Terrorist attack or not, this was still a heinous crime that should not have occurred and seems to be getting very little coverage via media outlets.
Then there were the two Muslim women who were stabbed repeatedly under the Eiffel Tower amid growing tension in Paris after the beheading of a teacher.
French police arrested two female suspects after an argument about dogs that allegedly descended into violence and racist slurs including the words ‘Dirty Arabs’.
One of the Muslim women said the assailants had pulled out a knife after refusing to put their dogs on a leash and slashed her in the skull, arm and ribs.
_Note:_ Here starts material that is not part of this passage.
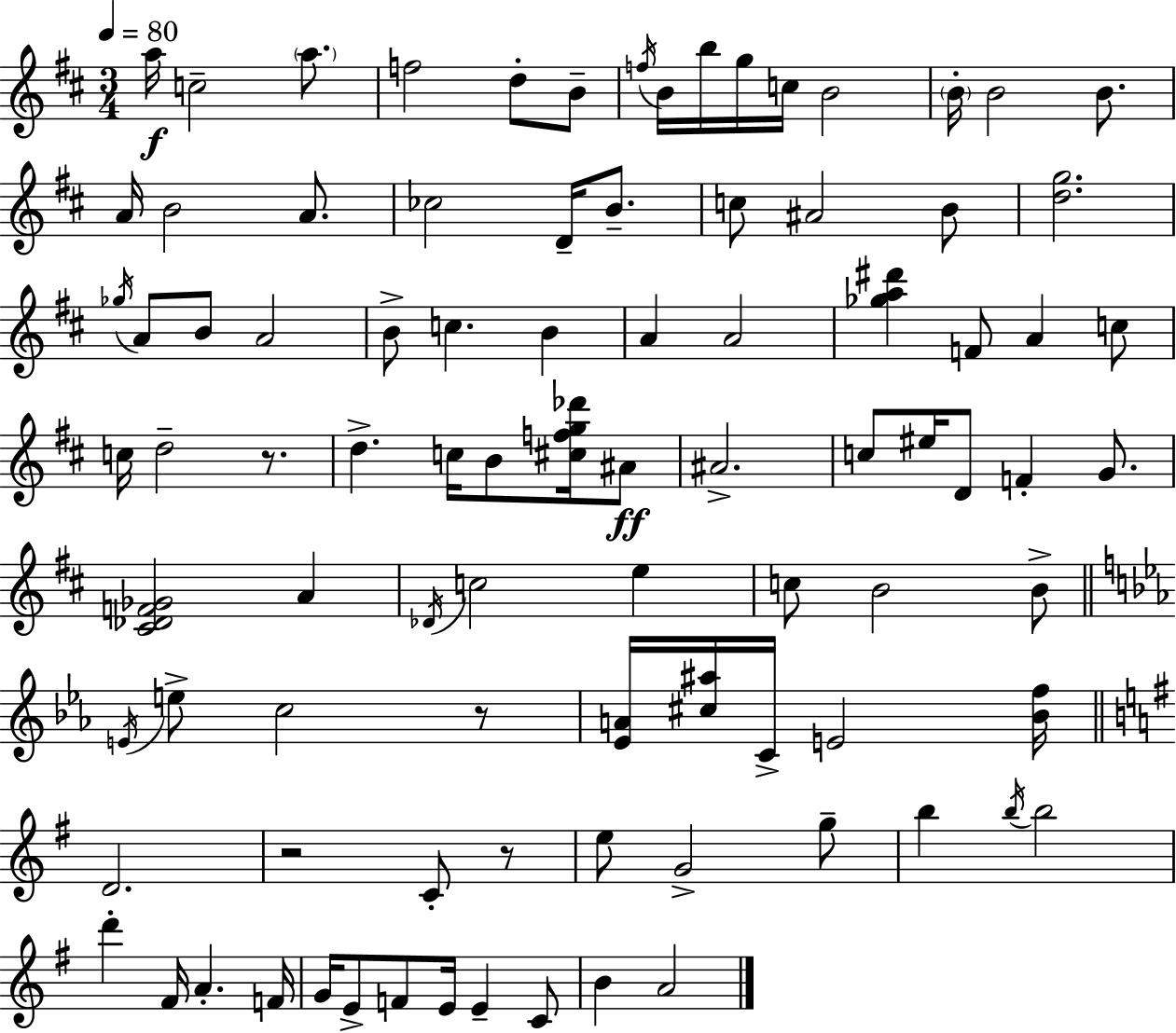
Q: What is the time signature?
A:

Evidently, according to French authorities, a fellow Greek Orthodox adherent and aggrieved community member has been detained and is the leading suspect in the attempted slaying of Father Nikolaos Kakavelakis outside the Annunciation Greek Orthodox Church in Lyon.
According to the Lyon Police, Jean-Michel Dhimoïla, a French national, Greek Orthodox Christian and member of the same Lyon parish where Father Nikolaos Kakavelakis was shot, was arrested and brought into police headquarters for questioning.
Jean-Michel Dhimoïla, a former legislative contender for the far-right French political party Debout la France, was also once a Greek Orthodox Monk and had a long-standing personal conflict with the priest.
According to the French newspaper Le Monde, the former monk and the priest were involved in long-standing disputes that ended up in court.
This was a hate crime and so far this incident doesn’t seem to have anything to do with Muslim hate crimes.